Like Calvino’s invisible citizens, we do not inhabit merely one physical city. Digital shadows and virtual twin cities are already part of our lived urban experience. Often presented as apolitical technologies or innovation, these “mirror worlds” also reflect urban imaginaries and gothic aspirations: The haunting doppelgänger, the inescapable matrix, and the all-seeing panopticon... Thus, urban digitization appears less as an issue for technical optimization but rather as a medium for architectural hallucination and speculative design.

“Mirror Worlds, Shadowlands and Urban Doppelgängers” takes place in collaboration with the XR HUB Bavaria within the project XR STAGE (https://xrhub-bavaria.de/topic/xrstage/) - an initiative to promote new media in art and culture. We will build upon the Augmented Reality Platform "AR-VOS" (https://www.ar-vos.com/) by the artists Tamiko Thiel and Peter Graf. Together with Tamiko, Peter, and experts from the XR Hub, we will experiment with XR-media (like Augmented Reality) through hands-on workshops and experimental design approaches. By this, we will explore hybrid experiences of superimposing and intersecting physical and virtual urban worlds.

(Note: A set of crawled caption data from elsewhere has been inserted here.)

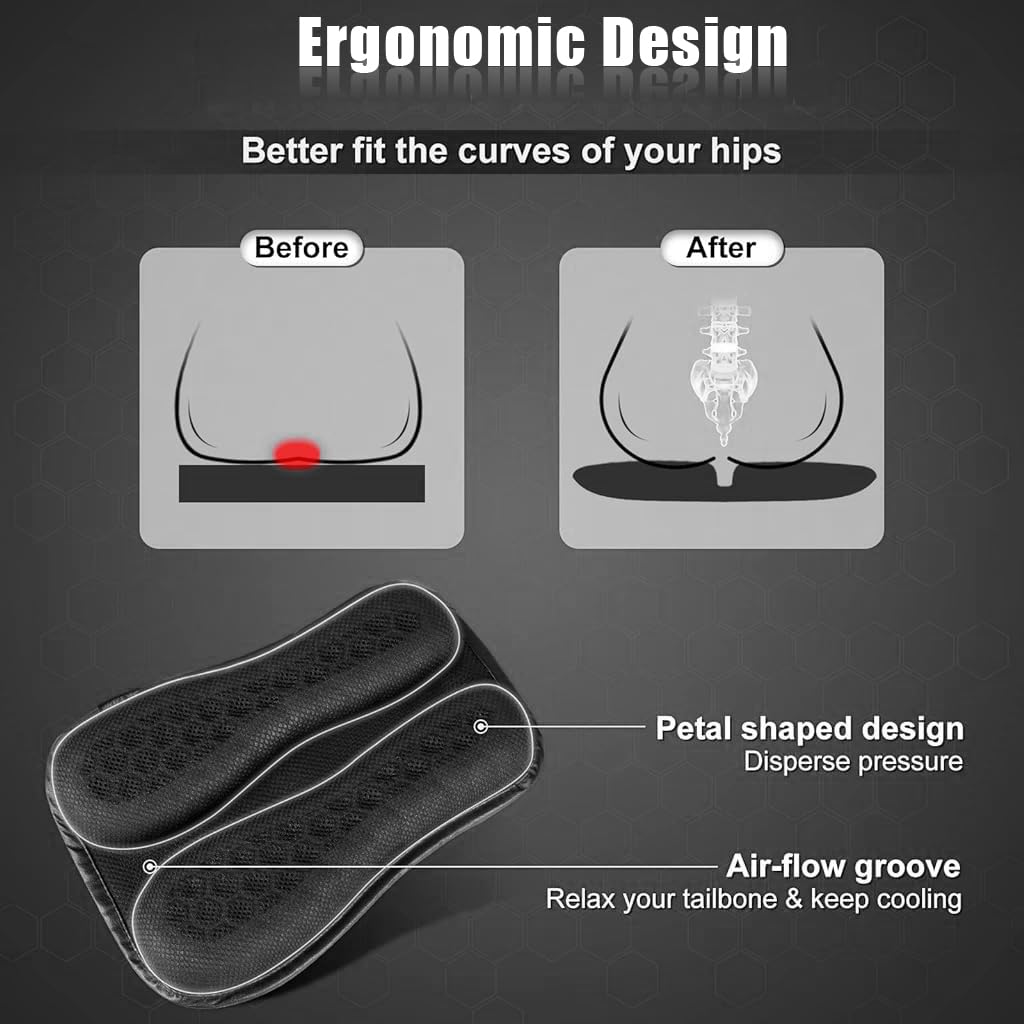 Motorcycle Seat Cushion for Long Rides with 3D Honeycomb Gel Pad and Breathable TPE Material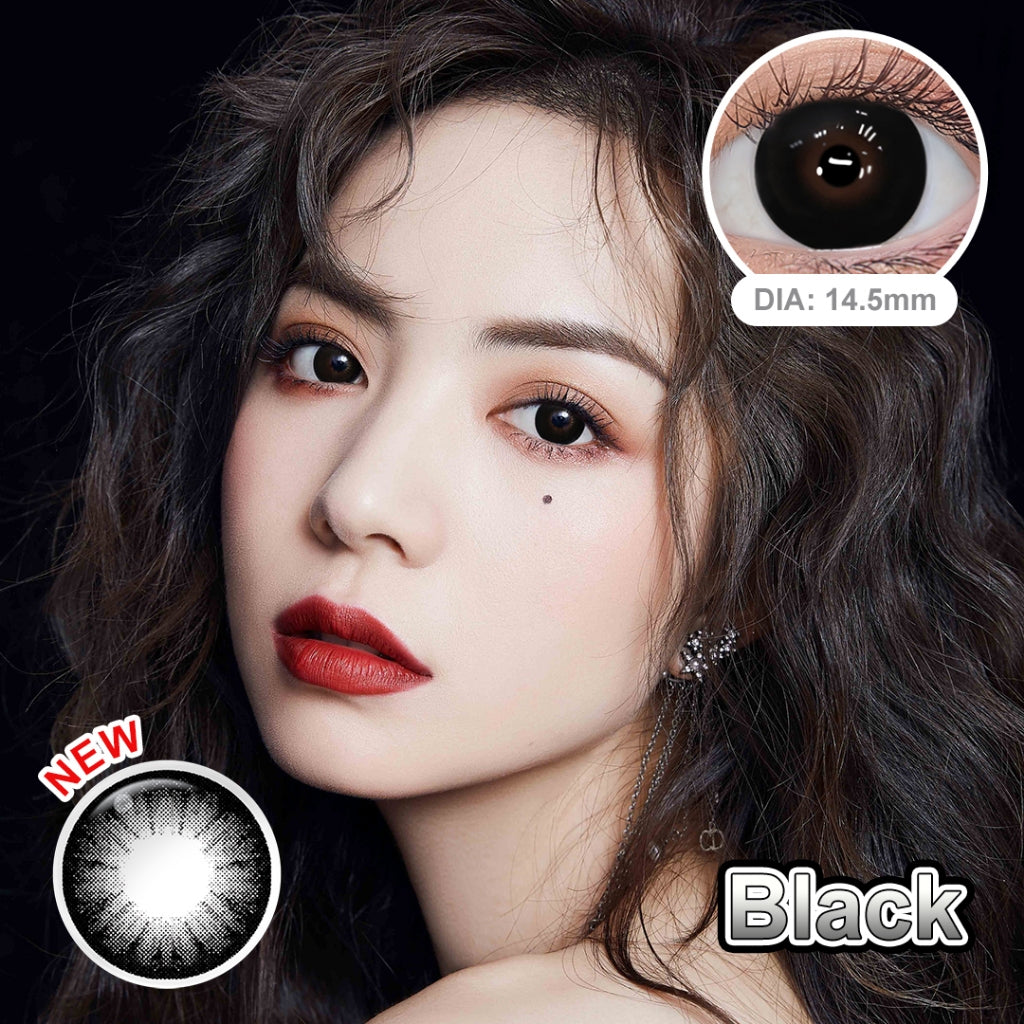 (-1.00~-8.00)Magister softlens minus 14.5 MM Lensa kontak warna Korea Bestseller Black brown doll eyes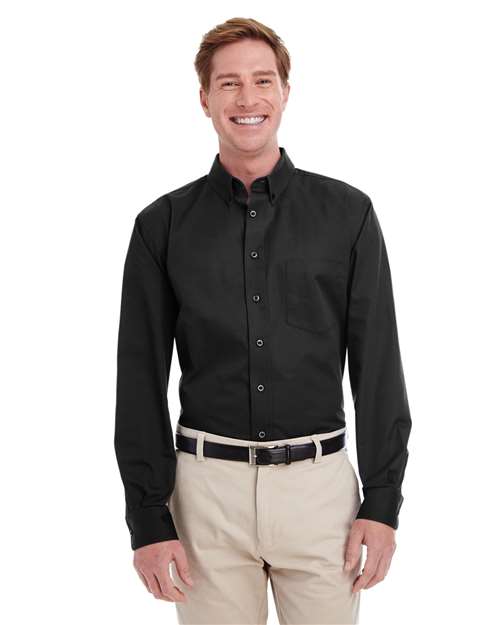 Harriton M581 Men's Foundation Cotton Twill Dress Shirt with Teflon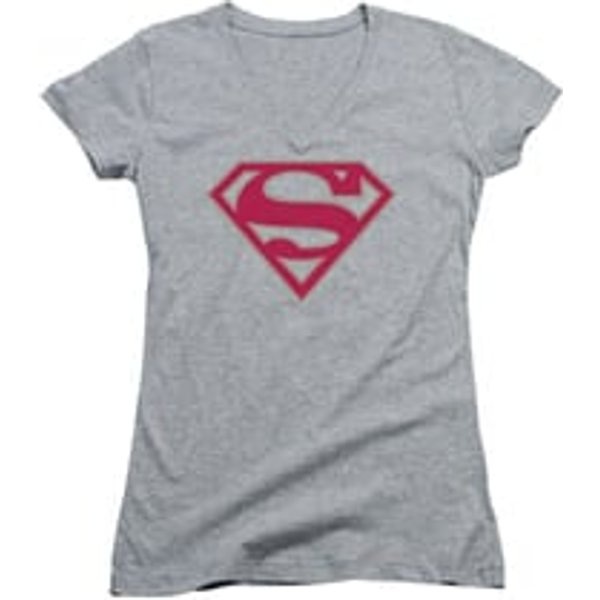 Superman Shirt Juniors V Neck Crimson Shield Athletic Heather T-Shirt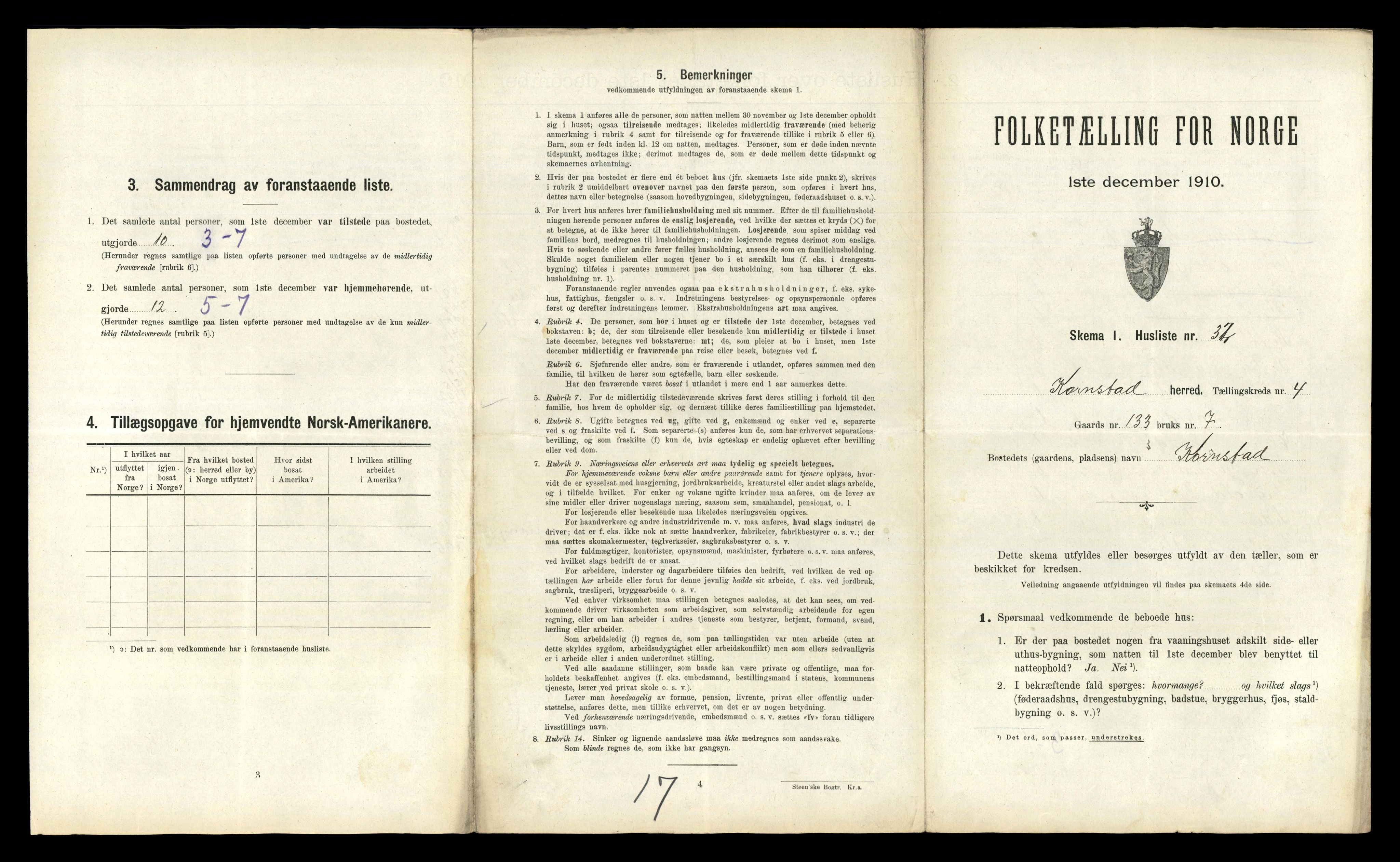 RA, 1910 census for Kornstad, 1910, p. 465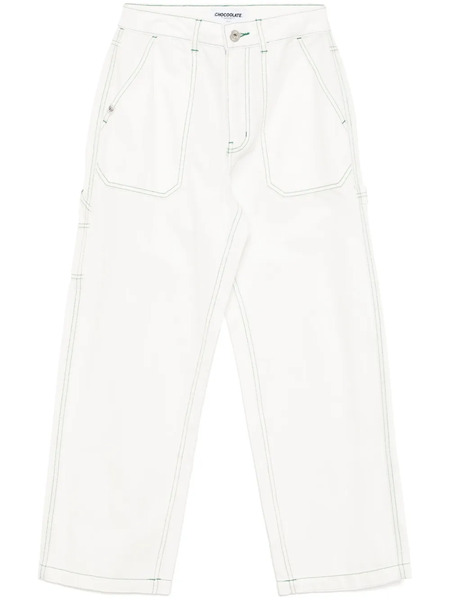  Chocoolate Wide-leg Work Jeans - White 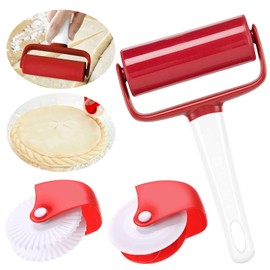 Qixuer Pastry Wheel Cutter, Pastry Lattice Roller Cutter 3 pcs Cookie Roller Plastic Wheel Roller Kitchen Baking Tool for Making Various Beautiful Pie Crust Or Ravioli Pasta Pizza Pastry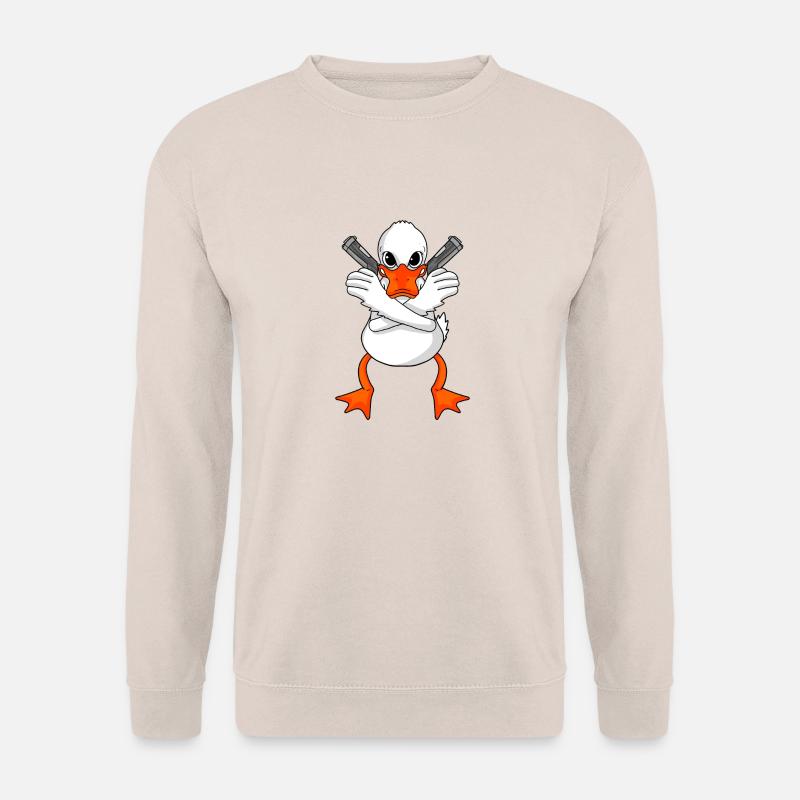 Ente mit Pistole - Unisex Pullover - Sand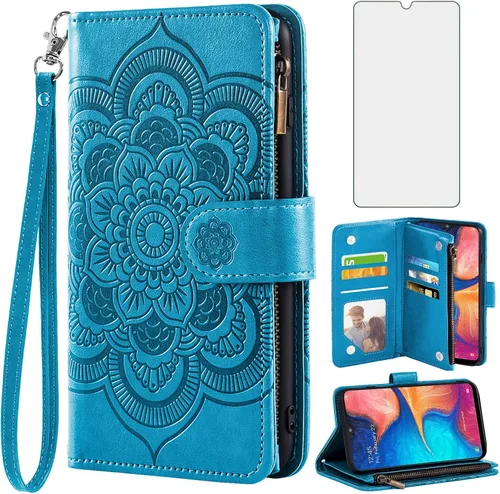 Asuwish Compatible con Samsung Galaxy A20 A30 - Funda tipo cartera y protector de pantalla de vidrio templado, soporte para tarjetas con tapa de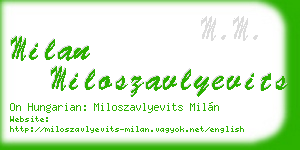 milan miloszavlyevits business card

During the Semester, we will explore urban mirror worlds and digital twin cities through architectural utopias, science fiction, and old-school horror. Together we will conceive and design our own virtual “mirror cabinet” – gathering data, building digital worlds, and scanning spaces. Lastly, we engage with XR-media to materialize these virtual worlds in concrete urban spaces. The resulting projects will be presented and tested at the Festival der Zukunft at the Deutsches Museum in July.

Programming experience is not required for this course, but we expect intrinsic motivation to explore these topics. The hardware necessary for the workshops will be provided.